Han, Seung-Ho (Department of Laboratory Medicine, Veterans Hospital)
Song, In-Sook (Department of Laboratory Medicine, Veterans Hospital)
Kim, Jong-Koan (Department of Laboratory Medicine, Veterans Hospital)
Park, Jum-Gi (Department of Laboratory Medicine, Veterans Hospital)
Park, Jang-Hwan (Department of Laboratory Medicine, Veterans Hospital)
Lee, Myeong-Jae (Department of Laboratory Medicine, Veterans Hospital)
Kim, Shin-Moo (Department Clinical Laboratory Science, Wonkwang Health Science College)

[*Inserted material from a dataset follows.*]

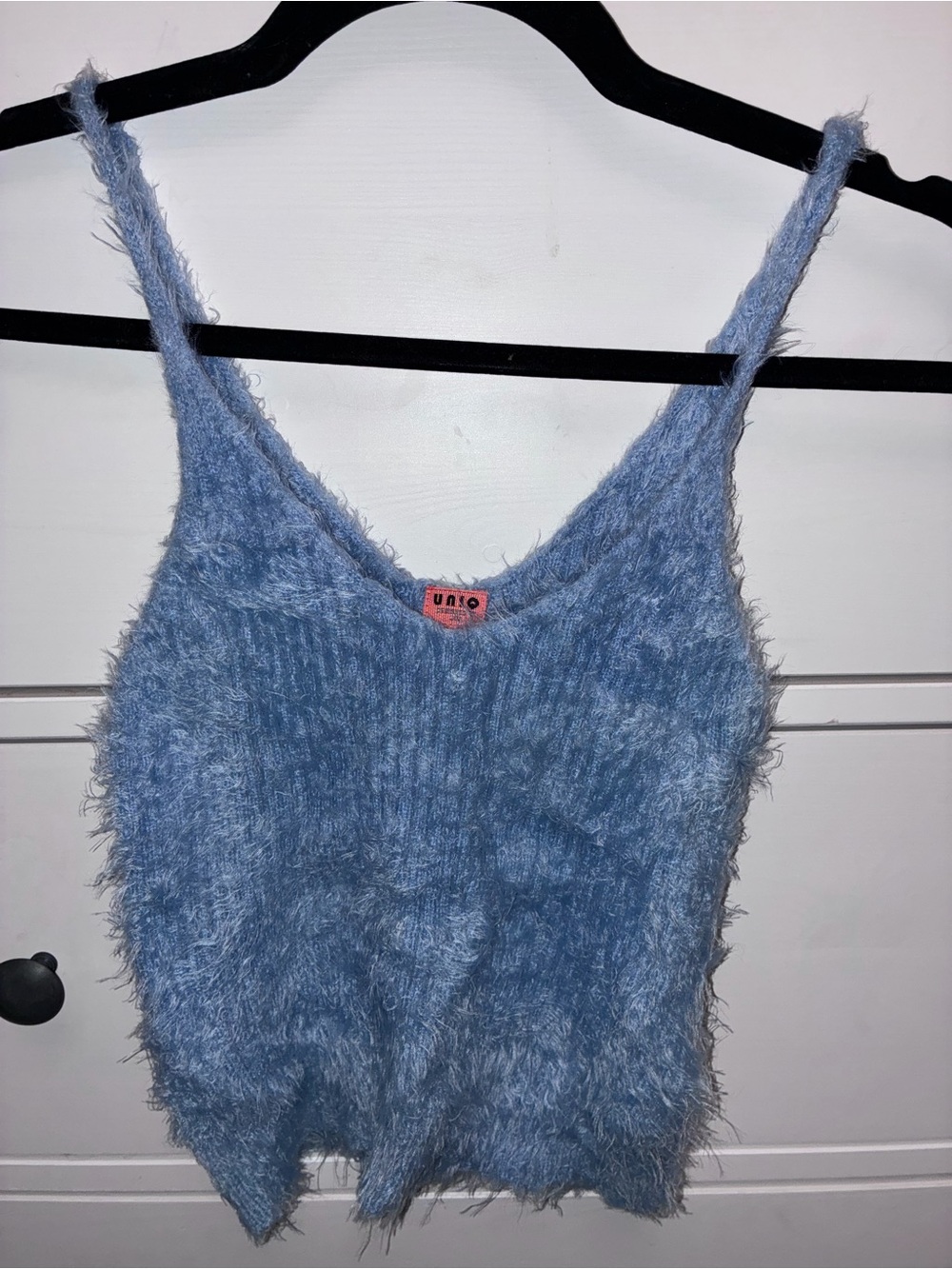 UNIQ fuzzy blue tank top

Kim, Kang-Ju (Department of Oral Microbiology, School of Dentistry, Wonkwang University)
Publication Information
International Journal of Oral Biology / v.35, no.1, 2010 , pp. 7-12 More about this Journal
Abstract
The aims of this study were to investigate the nosocomial infection route of methicillin-resistant Staphylococcus aureus (MRSA) and explore preventative methods for this pathogen that involve blocking its dispersion. We cultured MRSA from nasal cavity swabs collected between June and July 2008 that we obtained from eight dental healthcare providers, 32 nurses and the sputum specimens of two patients from our hospital. In addition, we used VITEK 2 equipment to measure drug sensitivity, and we further performed biochemical testing and pulse-field gel electrophoresis (PFGE) to isolate MRSA colonies. The incidence of these bacteria on the nasal swabs was 25.0% from dental clinic healthcare providers, 13.6% from the internal medicine ward nurses and 30.0% from intensive care unit nurses. Moreover, MRSA was detectable in sputum specimens of ward patients. The antimicrobial agents resistance and partial PFGE types of MRSA showed a similar pattern. We suggest from these analyses that nasal cavity infection by MRSA could occur by cross contamination between healthcare providers and patients which underscores the importance of stringent MRSA management practices.